[Data records]
________________________
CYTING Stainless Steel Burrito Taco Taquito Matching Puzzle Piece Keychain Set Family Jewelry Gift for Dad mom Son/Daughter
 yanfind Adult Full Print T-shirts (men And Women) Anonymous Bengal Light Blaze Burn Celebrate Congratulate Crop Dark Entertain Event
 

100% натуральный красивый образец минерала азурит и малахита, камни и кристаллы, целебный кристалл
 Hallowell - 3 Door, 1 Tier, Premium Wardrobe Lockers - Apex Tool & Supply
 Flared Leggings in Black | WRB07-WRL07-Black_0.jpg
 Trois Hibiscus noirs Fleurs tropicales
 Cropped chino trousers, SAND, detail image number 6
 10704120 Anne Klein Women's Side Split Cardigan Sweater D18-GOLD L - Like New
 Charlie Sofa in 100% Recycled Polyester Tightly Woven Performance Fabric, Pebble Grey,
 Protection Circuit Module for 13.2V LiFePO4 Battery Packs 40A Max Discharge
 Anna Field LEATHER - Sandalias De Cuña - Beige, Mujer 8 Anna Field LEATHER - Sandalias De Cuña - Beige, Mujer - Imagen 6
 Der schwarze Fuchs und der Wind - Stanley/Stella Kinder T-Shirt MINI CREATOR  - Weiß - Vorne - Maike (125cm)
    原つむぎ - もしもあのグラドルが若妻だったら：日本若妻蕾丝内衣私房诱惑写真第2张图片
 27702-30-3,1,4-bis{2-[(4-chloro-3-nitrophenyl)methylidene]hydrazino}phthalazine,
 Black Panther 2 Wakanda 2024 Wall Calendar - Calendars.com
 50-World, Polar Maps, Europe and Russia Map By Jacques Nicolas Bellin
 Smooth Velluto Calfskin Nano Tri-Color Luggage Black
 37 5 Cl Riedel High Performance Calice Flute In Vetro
________________________
Requirement:
Find the line with "10704120 Anne Klein" in the entries above. Retype it and each line after it, exactly, through the line with "Protection Circuit Module", and stop there.

Exercise output:
 10704120 Anne Klein Women's Side Split Cardigan Sweater D18-GOLD L - Like New
 Charlie Sofa in 100% Recycled Polyester Tightly Woven Performance Fabric, Pebble Grey,
 Protection Circuit Module for 13.2V LiFePO4 Battery Packs 40A Max Discharge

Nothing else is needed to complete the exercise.